3.1.7. Op 19 oktober 2001 heeft de BV een afspraak gemaakt over de koop van een landbouwbedrijf in Denemarken. De BV heeft op 17 april 2002 de koopovereenkomst gesloten.

3.1.8. In april 2002 zijn belanghebbende en zijn echtgenote naar Denemarken geëmigreerd.

3.1.9. Op 20 juni 2002 heeft de BV de in Nederland resterende grond en opstallen verkocht. Op 26 juni 2002 is met de verpachter een overeenkomst gesloten ingaande 1 juli 2002 ter beëindiging van het bestaande pachtrecht.

3.1.10. Belanghebbende heeft een lijfrente bij de BV bedongen voor een koopsom van ƒ 38.911.

3.1.11. Naar aanleiding van een in het jaar 2005 gehouden boekenonderzoek heeft de Inspecteur zich op het standpunt gesteld dat belanghebbende bij de inbreng van de onderneming in de BV ten onrechte gebruik heeft gemaakt van de faciliteit van artikel 18 Wet IB 1964 en dat ten onrechte op grond van artikel 45, lid 7, Wet IB 1964 premies voor lijfrente in aftrek zijn gebracht. Op basis van het onderzoek is de onderhavige navorderingsaanslag opgelegd.

3.2. Voor het Hof was in geschil of de faciliteit van de geruisloze omzetting bedoeld in artikel 18 Wet IB 1964 van toepassing is op de inbreng van de in de VOF gedreven onderneming in de BV, en zo niet, of de stakingswinst terecht in het jaar 2000 is belast. Tevens was in geschil of belanghebbende recht heeft op lijfrentepremieaftrek op grond van artikel 45, lid 7, letter a, ten tweede, Wet IB 1964. Eveneens was in geschil of sprake is van een nieuw feit als bedoeld in artikel 16 van de Algemene wet inzake rijksbelastingen dat navordering rechtvaardigt.

3.3. Ten aanzien van de toepassing van de faciliteit van de geruisloze omzetting heeft het Hof voorop gesteld dat deze faciliteit buiten toepassing dient te blijven in gevallen waarin de inbreng van de onderneming deel uitmaakt van een geheel van rechtshandelingen gericht op de overdracht of liquidatie van de onderneming.
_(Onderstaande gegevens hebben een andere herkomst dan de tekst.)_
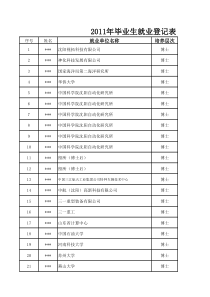中科院沈阳自动化研究所XXXX年就业登记表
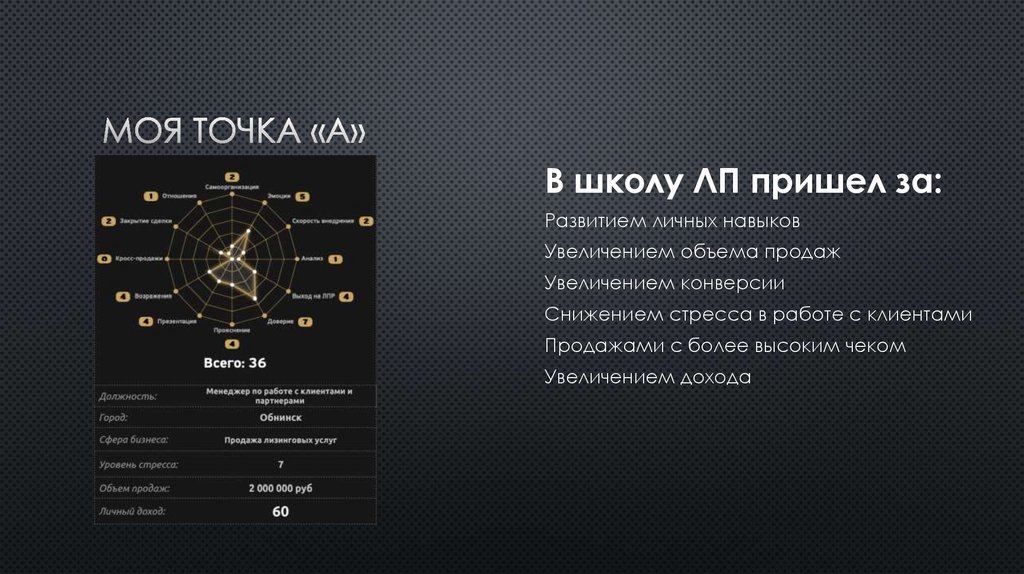 Моя точка «а»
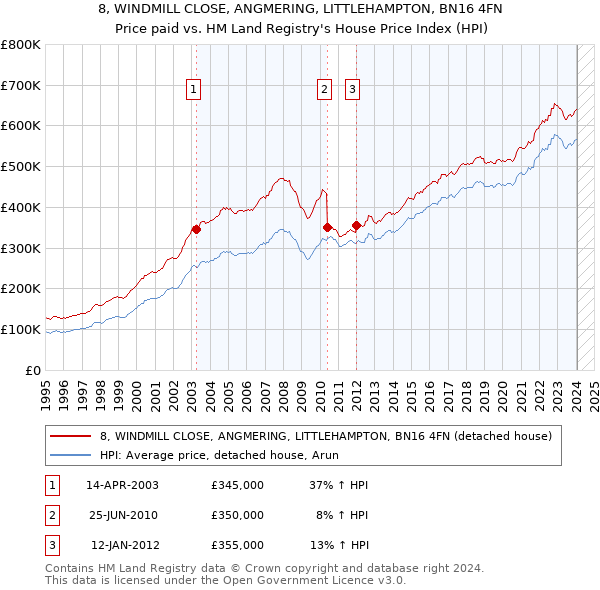 8, WINDMILL CLOSE, ANGMERING, LITTLEHAMPTON, BN16 4FN: Price paid vs HM Land Registry's House Price Index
Vervolgens heeft het Hof overwogen dat het, op grond van het geheel van feiten en omstandigheden, aannemelijk acht dat belanghebbende in 2000 voornemens was naar Denemarken te emigreren, dat hij zijn onderneming heeft verplaatst en dat daarbij de identiteit van de door belanghebbende gedreven onderneming wezenlijk dezelfde is gebleven. Gelet hierop is naar het oordeel van het Hof geen sprake van liquidatie van de onderneming, zodat de inbreng in de BV ook geen deel uitmaakt van een geheel van rechtshandelingen gericht op de overdracht of liquidatie van de onderneming.

3.4. Ten aanzien van de lijfrentepremie heeft het Hof overwogen dat belanghebbende de ter zake daarvan aan de BV verschuldigde premie terecht in aftrek heeft gebracht aangezien de lijfrente is bedongen als tegenprestatie voor de ingebrachte onderneming, die door de BV is voortgezet, terwijl van een besluit tot liquidatie geen sprake is.
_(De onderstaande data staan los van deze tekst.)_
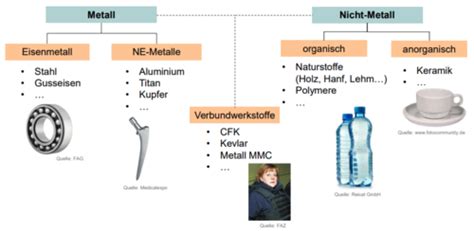 1 Grundlagen Der Werkstofftechnik Karteikarten Quizlet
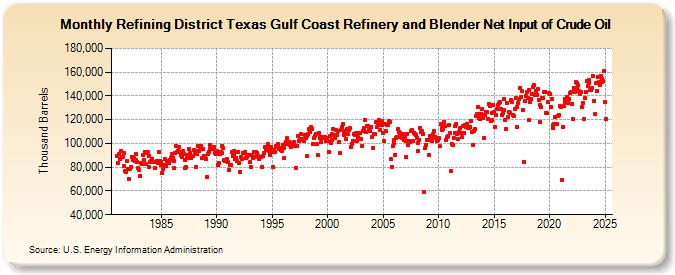 Refining District Texas Gulf Coast Refinery and Blender Net Input of Crude Oil (Thousand Barrels)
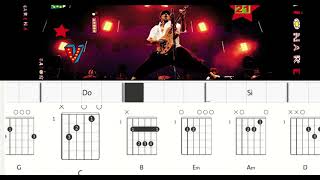 Manu Chao - Me Quedo Contigo (Si me das a elegir) - Guitarra - Tutorial
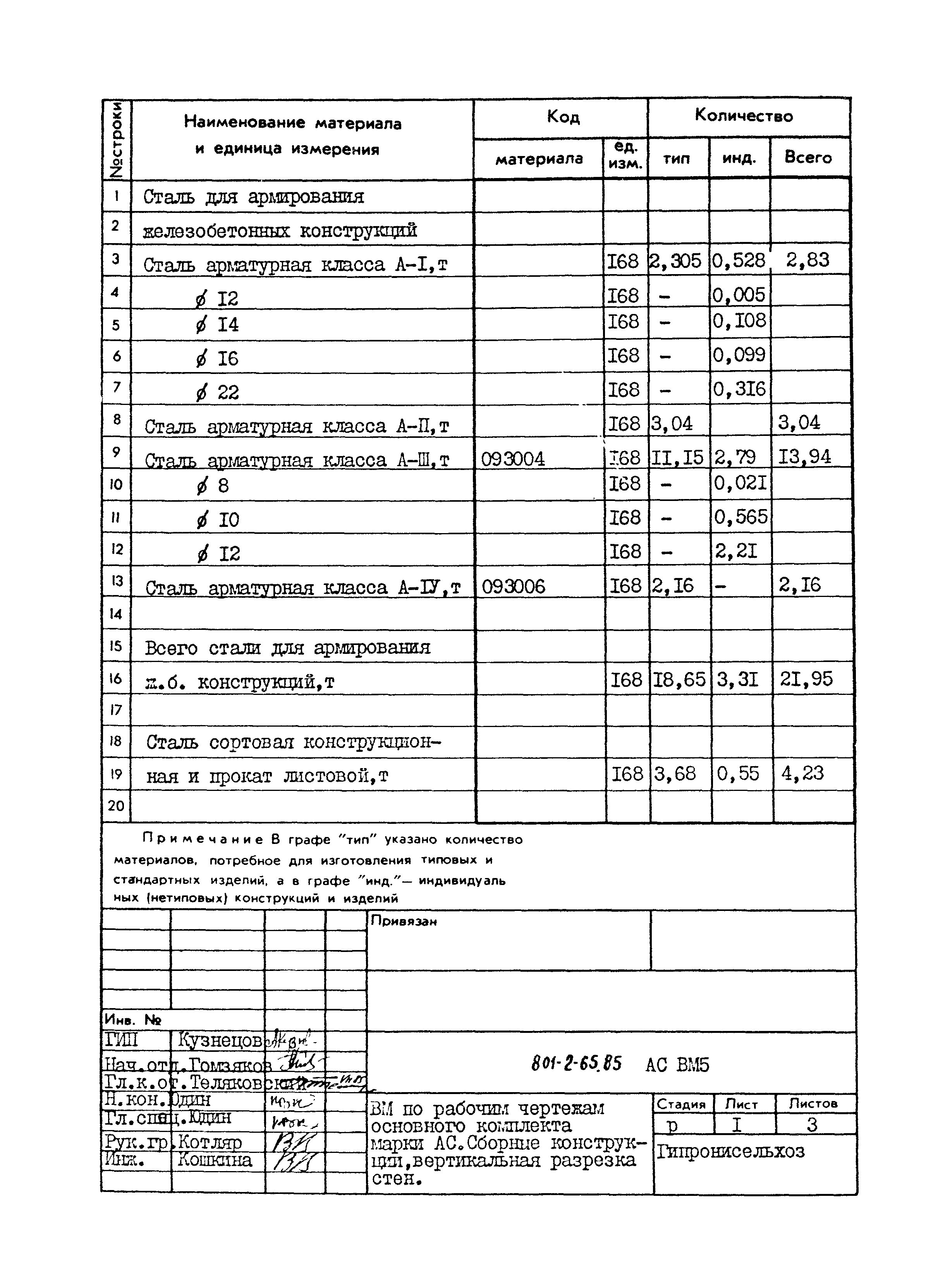 Типовой проект 801-2-65.85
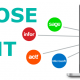 Choose the right CRM banner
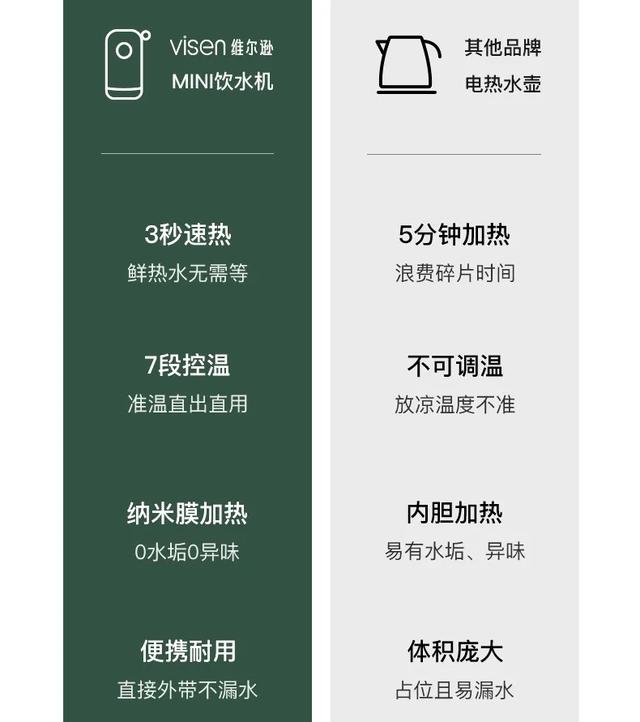 饮水机为什么能秒出热水,饮水机是怎么瞬间出热水的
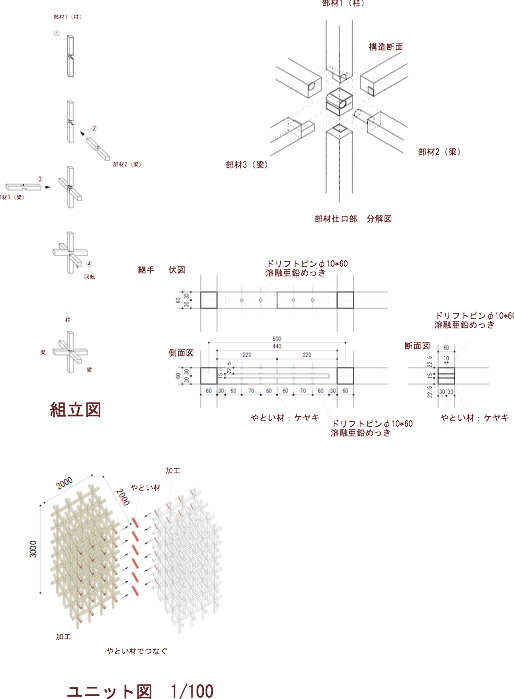 Gc Prostho Museum Research Center / Kengo Kuma &Amp; Associates 14 Gc prostho museum research center / kengo kuma & associates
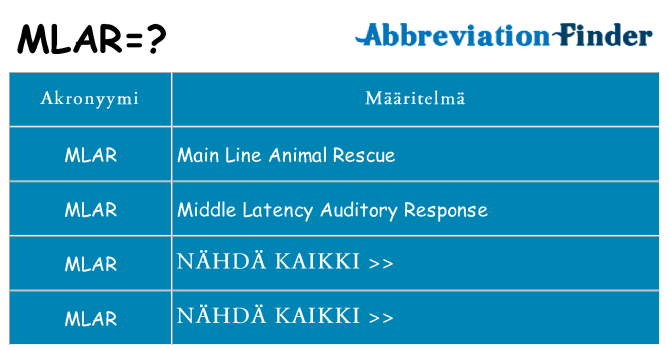 Mitä mlar tarkoittaa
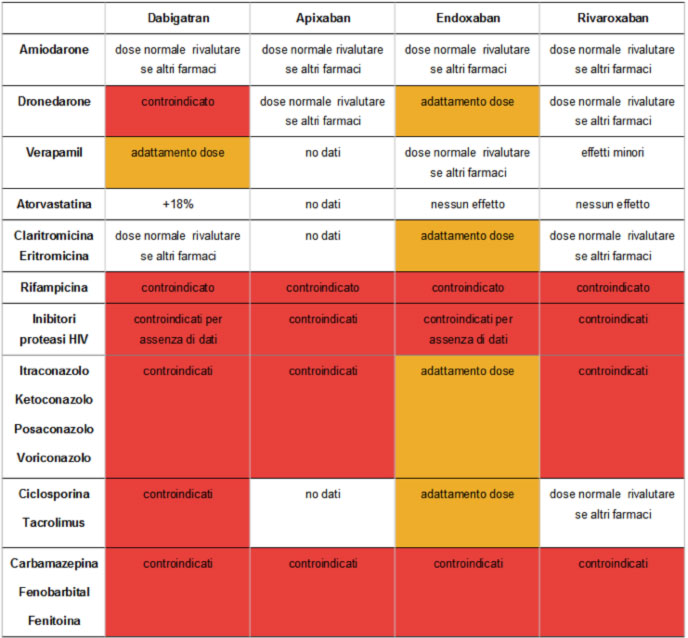 Anticoagulant drugs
4. Beoordeling van het in het principale beroep voorgestelde middel

4.1. De oordelen van het Hof worden in het principale beroep bestreden met de klacht dat de oorspronkelijk in Nederland uitgeoefende objectieve onderneming is beëindigd en dat verplaatsing dan niet meer mogelijk is.

4.2.1. De verplaatsing door een ondernemer van zijn bedrijfsuitoefening leidt niet tot staking van zijn onderneming indien de identiteit van de onderneming niettegenstaande de verplaatsing ervan wezenlijk dezelfde is gebleven. Of sprake is van wezenlijk dezelfde identiteit moet worden beoordeeld aan de hand van de factoren die tezamen en in hun onderling verband beschouwd de identiteit van de desbetreffende onderneming bepalen (HR 19 maart 2010, nr. 08/01448, LJN BK4523, BNB 2010/213). De omstandigheid dat de op een nieuwe locatie uitgeoefende onderneming soortgelijk is aan de op de oude locatie uitgeoefende onderneming, rechtvaardigt nog niet de conclusie dat geen sprake is van staking. Daarvoor is meer nodig dan dat de ondernemer/leidinggevende dezelfde is gebleven, bijvoorbeeld de overbrenging van voor de bedrijfsuitoefening wezenlijke bestanddelen naar de nieuwe locatie.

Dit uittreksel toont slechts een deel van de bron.